Bike blerg thread

He’s been moping publicly about barely breaking even for 20 years.

2 Likes

To me, it doesn’t seem like it should be a niche, but in fact it’s a micro-niche. That’s never been more obvious than it is now. The thing is, I think all this stuff–from steel frames to friction shifters to lugs and saddlebags–should be the universal defaults. You should have to look hard to find an unattractive, tight-clearance, impossible-to-be-comfortable-on-for-more-than-a-minute carbon road bike. Instead, it’s oi vey up the wazoo.

Quit trying to be “right” all the damn time. As Tarck Bear Consulting LLC, says, “folks want options.”

That’s his schtick as a grumpy old man. Asking for loans isn’t.

If his P&L and balance sheet are what it sound like, no bank is going to sign off on a loan without some co-owners with deep pockets.

I bet he vastly overvalues his biz. Spoiler alert: it ain’t worth bupkiss.

By loans I mean the “we’ve got temporary cash flow problems so can you buy a gift certificate to cash in in the future but we’re not in financial trouble honest” solicitations to the faithful.

Yeah, imagine explaining the business model to a loan officer. “We barely break even selling $2-4000 bicycles with 40 year old technology, along with rolls of twine and cups of beeswax. Can we have $500,000?”

3 Likes

And artisanal axes, plus books on the paleo diet; don’t forget those!

1 Like

“We are a bicycle company which recently spent an enormous portion of our capital on a retail location focused exclusively on selling artisanal axes and a small handful of books.”

2 Likes

I don’t know, if it was presented as “we have a internet business that does $3m in sales a year and our best sellers are twine and beeswax” I’d want to know about your marketing secrets.
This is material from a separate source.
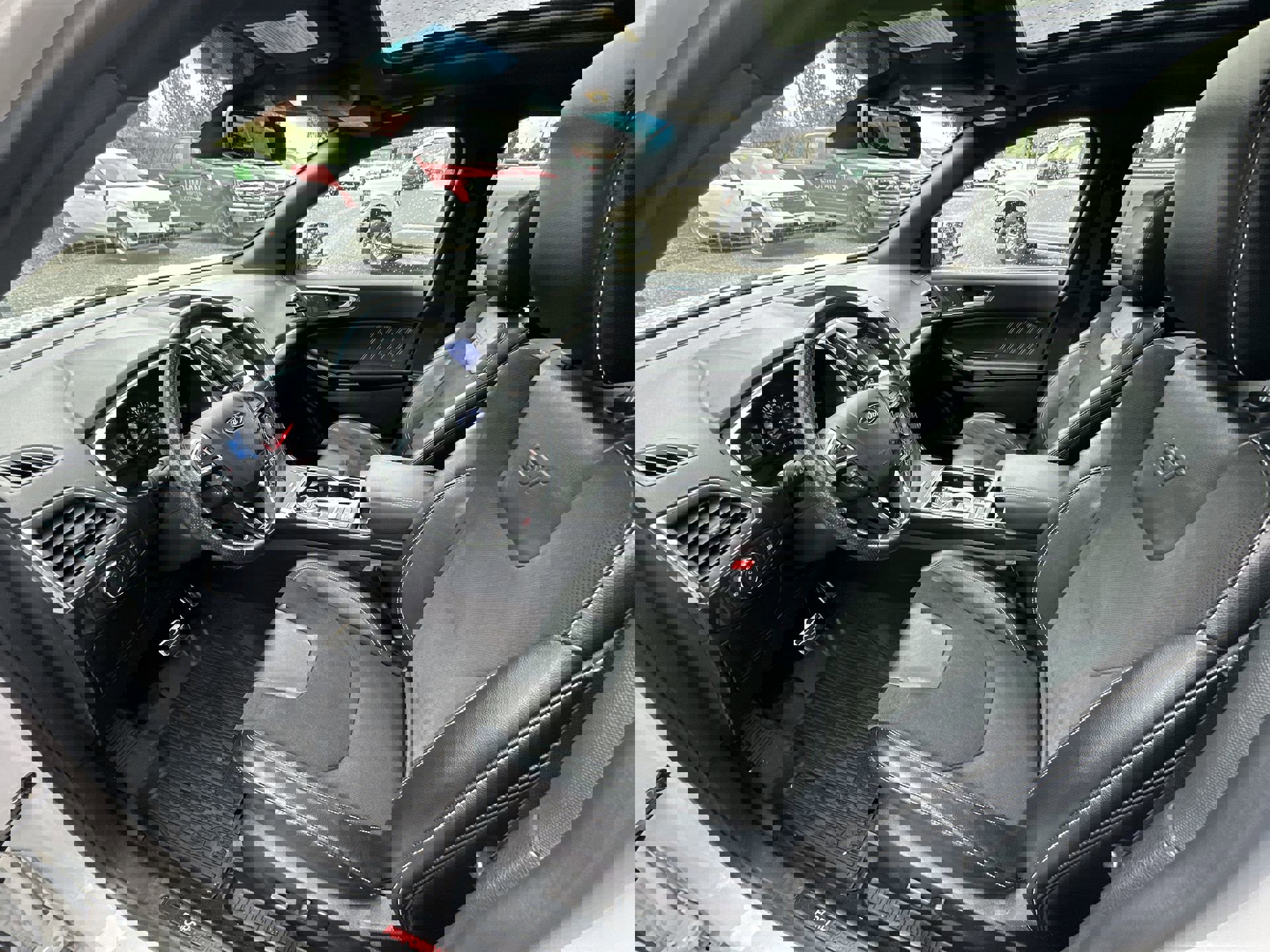 Certified 2020 Ford Edge ST w/ Equipment Group 401A image 11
And if it was “We’ve been steadily earning $3m/yr for the last 10 years. Last year we barely broke even because we invested $200k in complete bikes. By eliminating custom bikes and their assembly we’ve cut our labor costs by $100k per year. We’d like to borrow $500k to introduce two more lines of complete bikes which we believe will reduce labor costs further while increasing our average profit per consumer sale”, that doesn’t sound too bad either.

7 Likes

There’s obviously a bunch of areas of low hanging fruit when it comes to righting the ship. But with Grant at the helm it’s a non-starter.

1 Like

Step: 2 Reach out to POC / influencers / folx
Step 3: Market Riv to a younger generation who want to live dat dirt bag grav grav lyfe.
Step 4: Break even? Oh wait that’s crust bikes

I reckon Q should buy riv

I wonder what he would actually value it at? Realistically it’s not worth much more than inventory - liabilities because it doesn’t appear to be particularly profitable and it’s brand recognition is only waning.
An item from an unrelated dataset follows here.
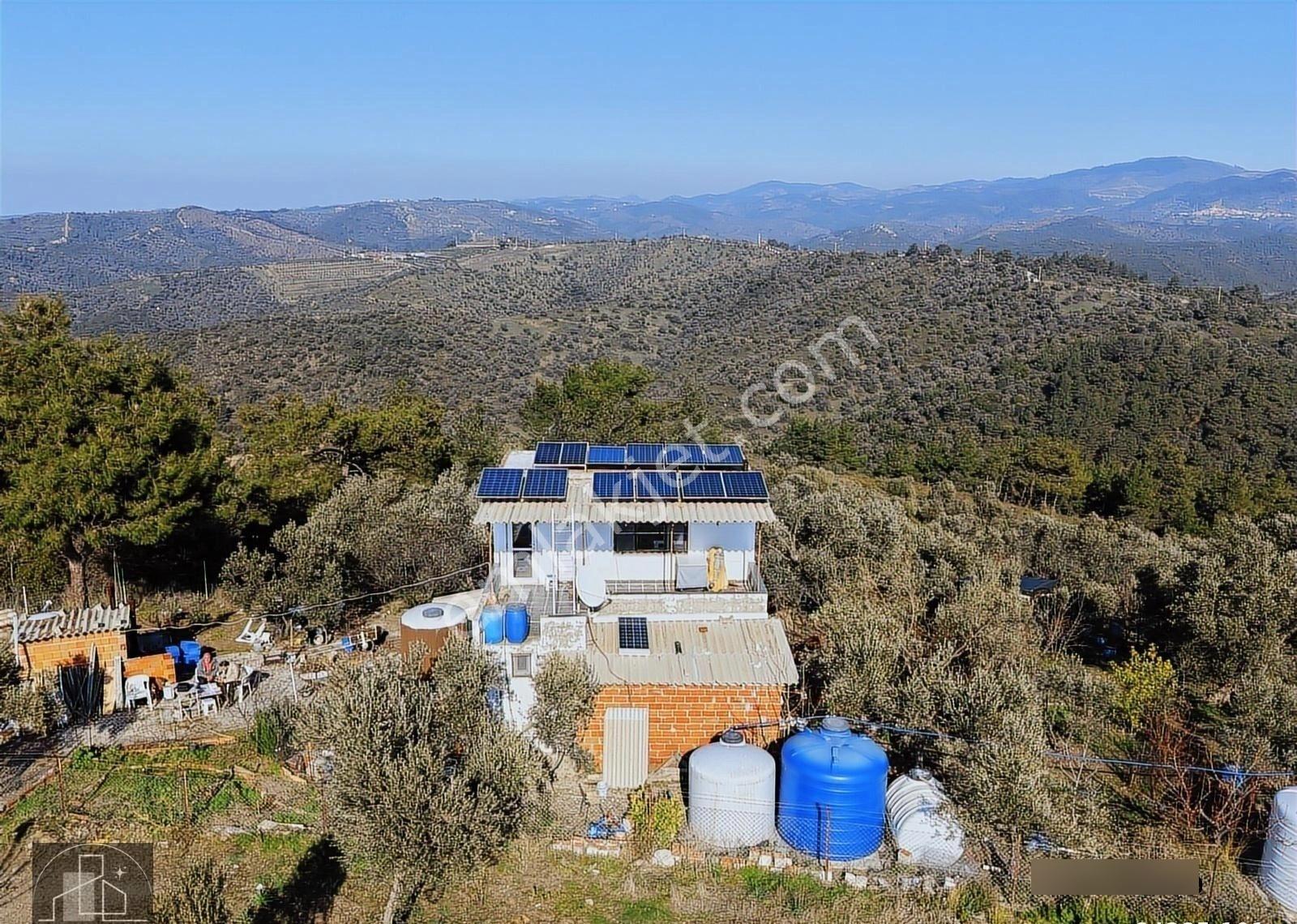 Seferihisar Turabiye'de 12.790 M² Deniz Manzaralı & Yapı Kayıtlı - Görsel 34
I bet I could scrape together $50k in investors easily enough maybe even $100k.

Relocate to east coast and set up shop in some cheap warehouse space in south richmond.
Revamp / modernize lineup.
Move all production to one factory.
Add an ebike.
Get distribution for a dealer network through some third tier parts company like Action or Downeast.
Profit?

4 Likes

I would really like to know how much money has been sunk into the “Silver” brand. Do the Silver cranks generate more sales/profits than the Sugino jawns they’ve been selling for 20 years?

Lol, it’s worth more than 100k.

1 Like

And getting rid of the goddamn stupid double top tube

Sheesh

1 Like

Sort of. I would say more than that. Is it actually valued at that much? Is there some special sauce that makes his 100k business better than any other 100k bike business or even investing that money into a net new business?
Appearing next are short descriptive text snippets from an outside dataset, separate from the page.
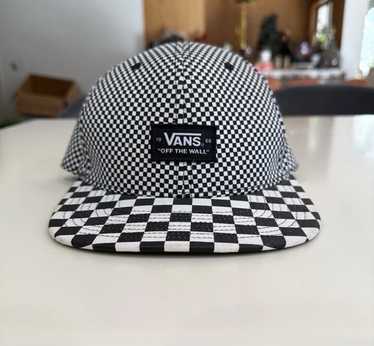 Vintage vans hat - Gem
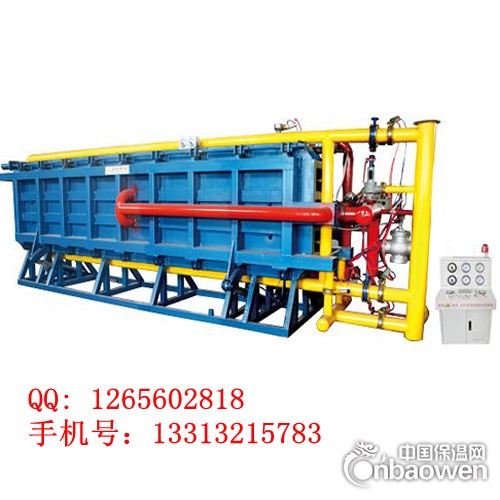 石墨聚苯板设备价格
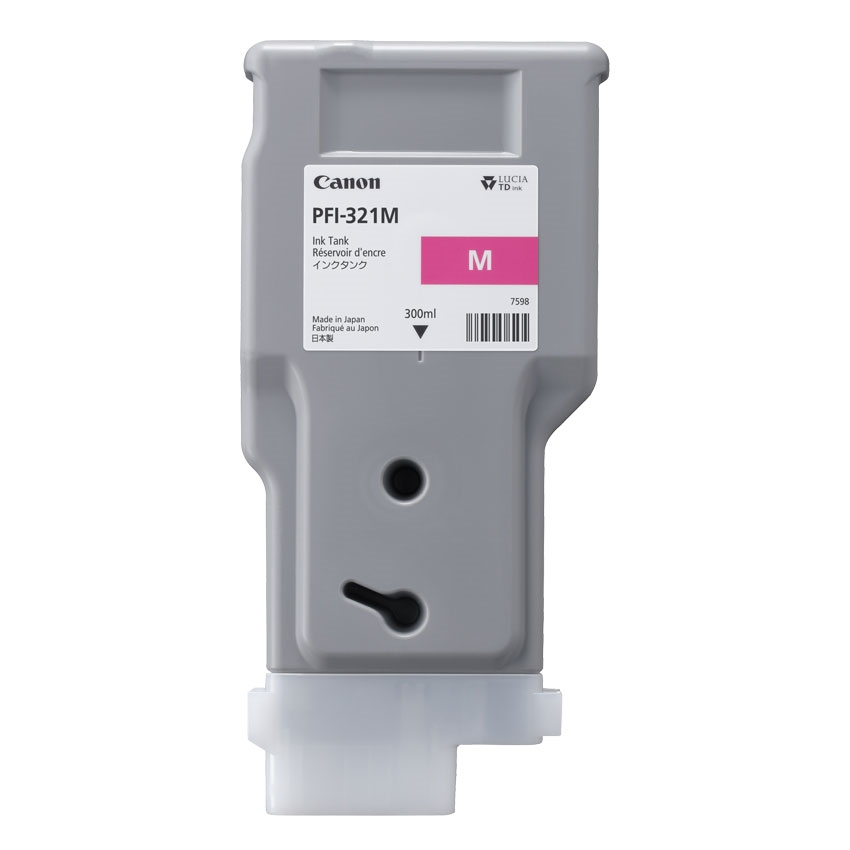 キヤノン　PFI-321M マゼンタ　130ml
That special sauce is grant which is also the problem.

3 Likes

Sell frames and builds with fenders, disc and baskets. Make them look nice, Riv paint and head badges are pretty nice to look at. Use lugs if you can make the numbers work. Embrace index shifting. Embrace dick breaks, they’re nice in the rain, you know, practical. Do your long wheel base thing, why not? There’s a huge space between friction shifters and carbon wonder bikes to exploit by making a nice looking bike that’s practical. And practical has to include not chasing down friction shifting re-enactment parts from a diminishing (are there more than RIv?) companies. It also means he’s going to have to move a away from the dookie dread bar wrap marketing cuz that’s not selling bikes.

$8900 profit a year is worth ~$340k in T-bills for starters.

Shit, they sold what, $200k in gift certificates in one shot ?

Cheaper than a Riv (but less exclusive?)

fancy surlys are super popular in japan according to blue lug.